The first series dealt with the intrigues around the gladiatorial school and the city of Capua, and finally led up to the revolt and breakout. This unfortunately led to the death of John Hannah's character, Batiatus, which is a shame, as he was one of the best things in it, but it does illustrate one of the odd and - for a part-time Classicist - oddly invigorating things about the series, which is that whenever there is genuine recorded history (mostly Plutarch and Appian, who occasionally disagree), the series sticks to it very faithfully. While the CGI blood and gore, and non-CGI breasts and bums, are gloriously over the top in a '300' kind of way, the series takes far fewer liberties with history than you might expect. The owner of Spartacus' gladiatorial school was indeed one Lentulus Batiatus (played rather more slimily by Peter Ustinov in the Kubrick film), and he did indeed die during the breakout. The fate of his wife is not mentioned, which gave them the excuse to bring back Lucy Lawless, which is all to the good. Furthermore, rival praetors Gaius Claudius Glaber and Publius Varinius did indeed try to bring Spartacus and his slaves to heel in the early days, Glaber did indeed have to build a scratch force of local militia, criminals and neer-do-wells, since Rome would not allocate him legionaries, and the slaves did indeed hang out at the base of Vesuvius before being driven up the slopes by Glaber's siege of their camp. I'm one episode from the end of the series, and while Varinius appeared to have been killed this time around, the fact that we know he was around later in reality means I suspect he may only have been 'left for dead'. Conversely, Glaber is heard of no more after getting his arse kicked at Mount Vesuvius by Spartacus' very cinematic tactic of using vine ropes to rappel down behind Glaber's troops, and I suspect he may be among the fallen at the end of Series 2, although hopefully his evil wife and Lucy L will still be around, scheming with the now scarred Varinius.

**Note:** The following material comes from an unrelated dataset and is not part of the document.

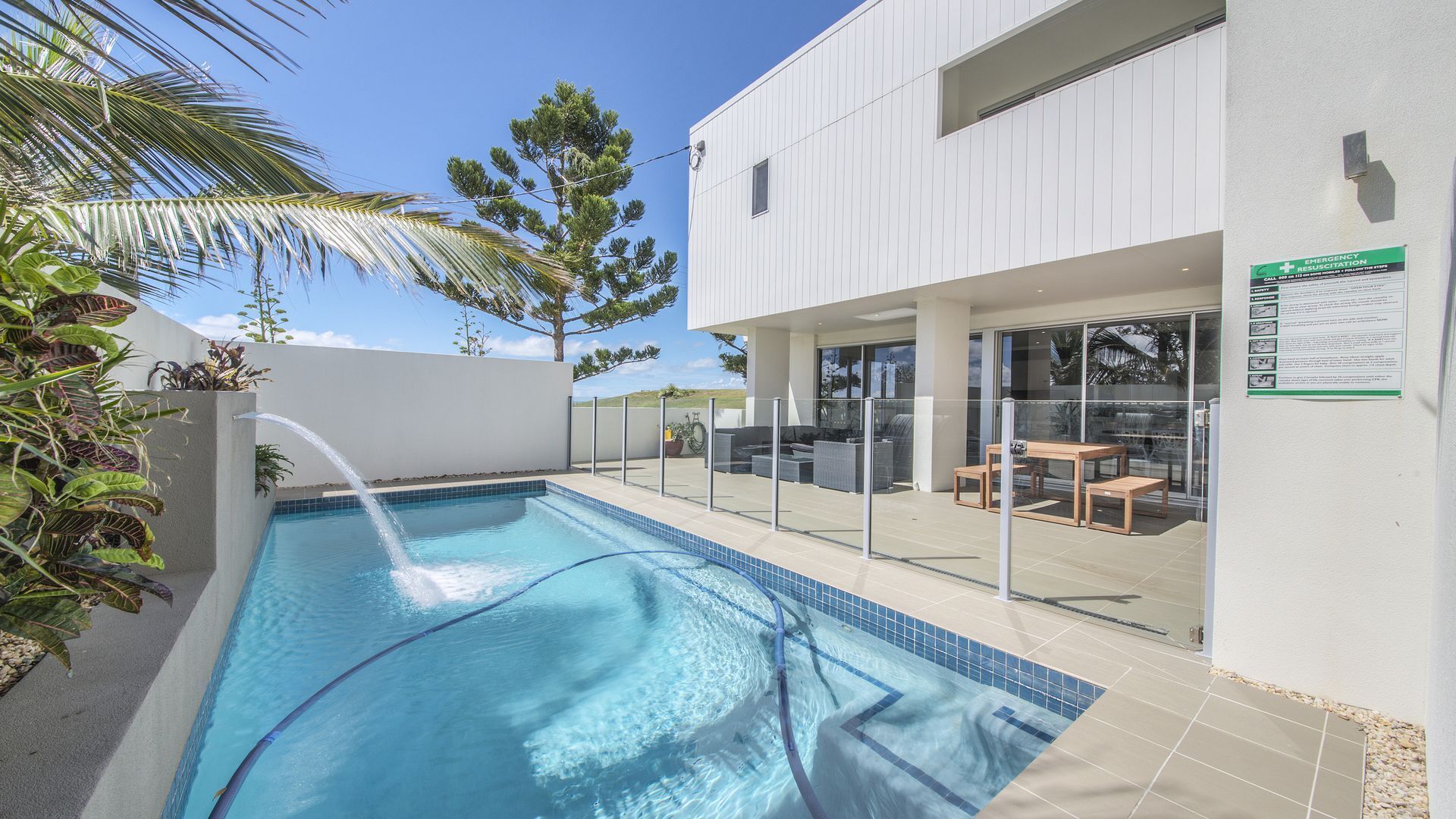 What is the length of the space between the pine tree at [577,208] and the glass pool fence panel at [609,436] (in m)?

I was also mildly astonished to learn that many of the prominent leaders among Spartacus' men; Crixus, Oenomaus and Gannicus, were also known to history. Crixus, as he is in the series, was apparently indeed a Gaul whom Spartacus had defeated in the arena but refused to kill, and Gannicus a Celt, Oenomaus was in fact also a Gaul rather than being African as depicted, but the ethnic tensions between Gauls, Thracians and Germans in Spartacus' slave army are quite convincingly drawn.

I am now really looking forward to the third series (currently showing on TV in the US), as we start to get major Roman personalities like Crassus, Lucullus and Pompey becoming involved, some higher level Senate manoeuvering, and some of the major battles of the Third Servile War, complete with Cilician pirates.